They've ordered all of the members of Pat's unit to keep quiet about what's happened, which means that the guys who killed Pat weren't allowed to, or the guys who knew what had happened and how Pat had died, weren't allowed to tell Pat's brother Kevin what had happened, even though he was in the same unit.
So there's this like really ghastly situation where Kevin's like going to the gym and working out with the guys who shot his brother to death and like doesn't know it, which is just super gross.
I didn't know this part.
I actually had no idea that his brother was in the army.
Yeah, that's just fucking ghoulish.
Yeah.
Stephen Elliott, one of the Rangers who was in the Jeep, you know, that Pat got killed by their fuselade, said he and others were ordered, quote, not to discuss the incident with folks outside the unit and that it was mainly because it was still under investigation.
He says, I was operating on a certain level of naivete.
I believed senior leaders were trying to protect the family and I had no idea they were being deceived at any point.
But they were.
Kevin was flown back with Pat's casket from Afghanistan, and the one thing he asked of the men he left behind was if they would please find Pat's journal and send it back to him.
We've already read a couple of excerpts.
Pat was a really dedicated diarist, you know, and it was important for Kevin to read his brother's last few words.
Of course, the army burned Pat's journal.
They burned all of his clothing and body armor, and they sent his body back naked in the casket.
This was not normal procedure.
They burned it?
Yeah, they burned all of his clothing.
They burned his journal, everything that was on his body.
Yeah, that's not procedure at all.
No, no.
What they did was completely illegal and not at all normal.
The sergeant who burnt the stuff was told it was for, quote, security purposes, but there was never any real good explanation given.
So this is one of the first things that happened that's like clearly like, this is not just somebody trying to delay the truth getting out.
This is like a cover-up now.
Yeah.
Yeah.
I mean, it should be noted, like, even if you're wounded or killed, they don't even burn like your bloody clothing.
They send it back.
Yeah.
So that's, it's really weird that they would do this and really just shows like a lack of concern for, you know, like the one thing this kid asks as he's being sent back with his dead brother is like, find his journal.
And I don't even think that message gets to the guy who's burning, you know, Pat's clothes.
And, you know, the sergeant who's in charge of burning that shit should have known something was going on.
They're like, hey, I've never done this before.
But okay.
Weird that this is the only time this has happened.
Yeah.
It's weird that these desert pattern camouflage could contain secrets that I'm not aware of.
So fucking stupid.
Yeah.
Fratricide is a type of homicide.
So General McChrystal and his men were obligated to inform CID of what was suspected.
They didn't do this.
And said they sent in an Army lawyer, Major Charles Kirchmeier, to basically muddy the waters enough that CID would decide they weren't needed.
Kirchmeier was thanked via email by McChrystal's legal advisor for, quote, keeping the CID at bay.

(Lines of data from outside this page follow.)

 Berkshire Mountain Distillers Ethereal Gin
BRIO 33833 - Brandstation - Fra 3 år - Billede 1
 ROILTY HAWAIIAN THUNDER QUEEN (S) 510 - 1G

So those are the guys that you watch in your favorite old people shows about Army detectives.
So it's like the Army equivalent of NCIS, right?
Yeah, it's the exact same thing.
They normally investigate any 15-6 investigation, like not necessarily like a real investigation, but like a cursory glance.

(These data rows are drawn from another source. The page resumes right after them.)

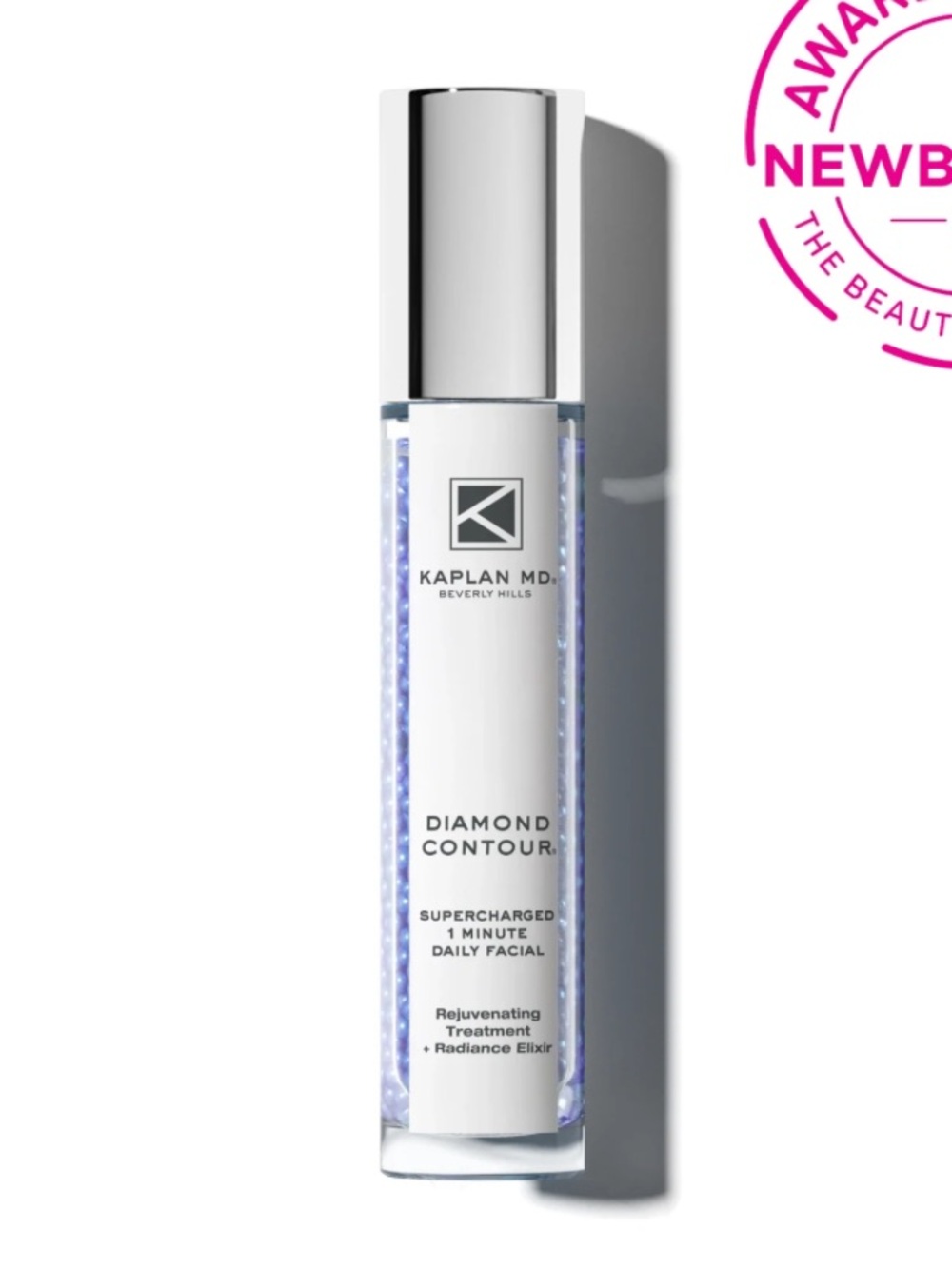 Kaplan MD Diamond Contour Supercharged 1 Minute Daily Facial 3oz/90ml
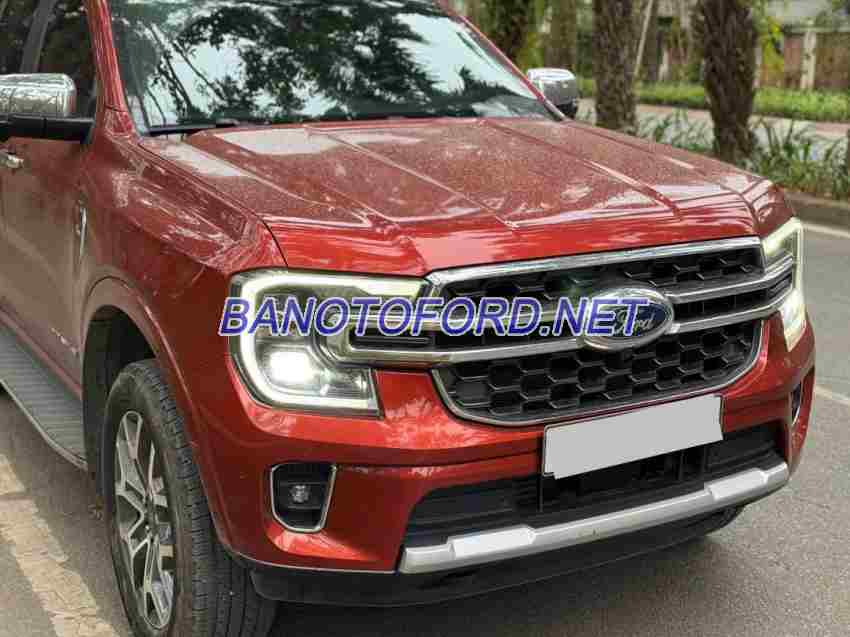 Xe Ford Everest Titanium Plus 2.0L 4x4 AT đời 2023 đẹp bán gấp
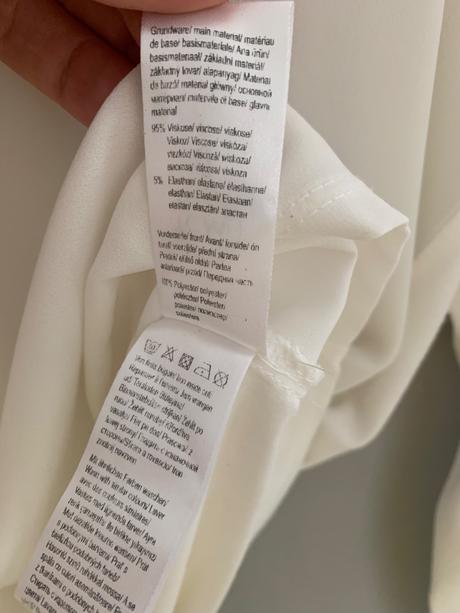 Bluzka tchibo z viskozy, tchibo,l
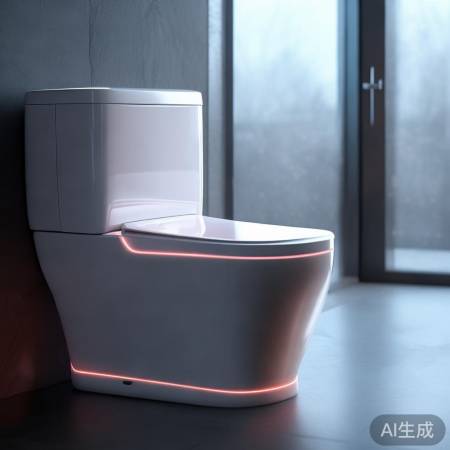智能马桶，温暖又环保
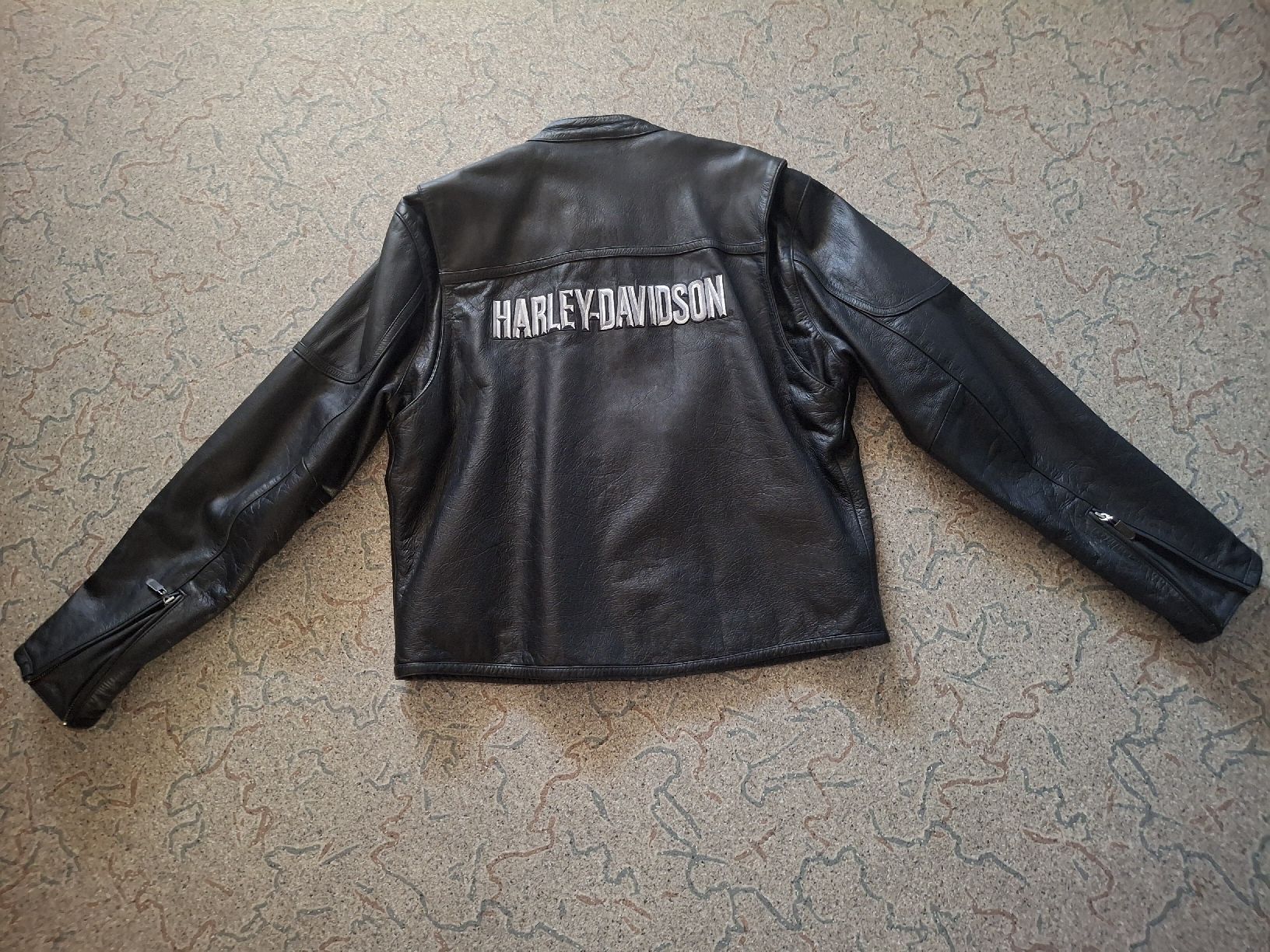 Harley-Davidson Giacche: Harley-davidson Lederjacke – Usato da Rufi venduto da Resju 3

Yeah, and so basically McChrystal sends this guy Kirchmeier in to try and smooth over even that so that they're really not looking at this case at all at first.
And like, I think they know at some point it's going to get investigated, but they're just trying to slow things down.

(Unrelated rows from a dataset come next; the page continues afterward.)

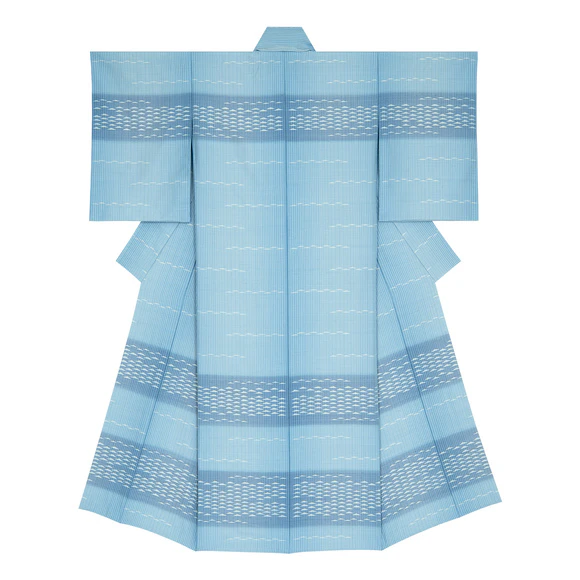 Kimono of Tsumugi 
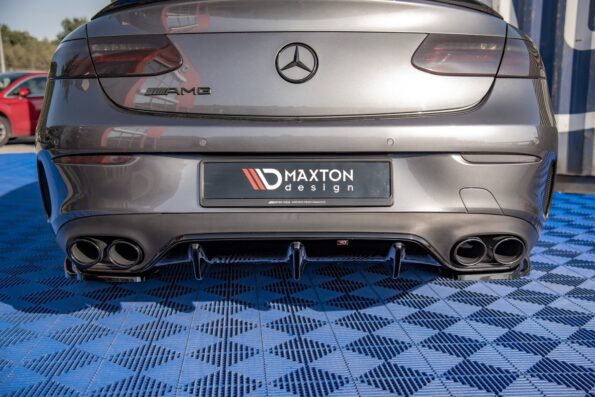 Πίσω Valance Mercedes-AMG E53 Coupe C238 / Cabriolet A238
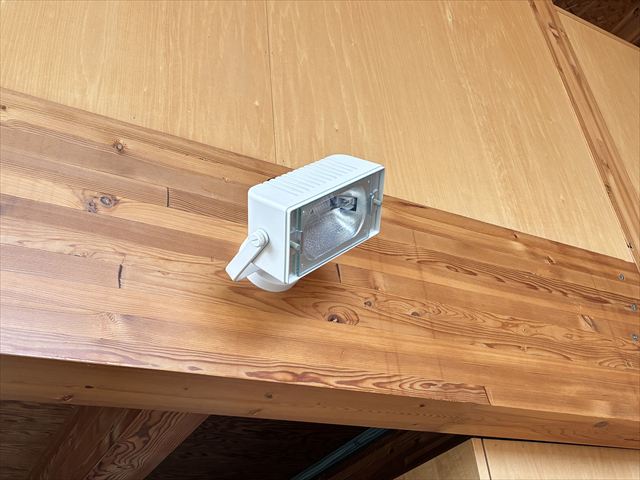 茨城県牛久市 家庭用照明交換工事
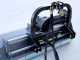 BlackStone BL 160 Hydro - Trituradora para tractor - Serie ligera - Desplazamiento hidr&aacute;ulico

And I think it'll become clear why in a little bit.
So the Army hid the fact that Pat had died from friendly fire from his family for more than a month.
This seems to be because the Bush administration wanted to wring every drop of good PR out of Tillman that they possibly could.
So here's how Crack Hour describes what followed and like the day after Tillman died in the Bush White House.
Approximately 200 emails discussing the situation were transmitted or received by White House officials, including staffers from Bush's reelection campaign, who suggested to the president that it would be advantageous for him to respond to Tillman's death as quickly as possible.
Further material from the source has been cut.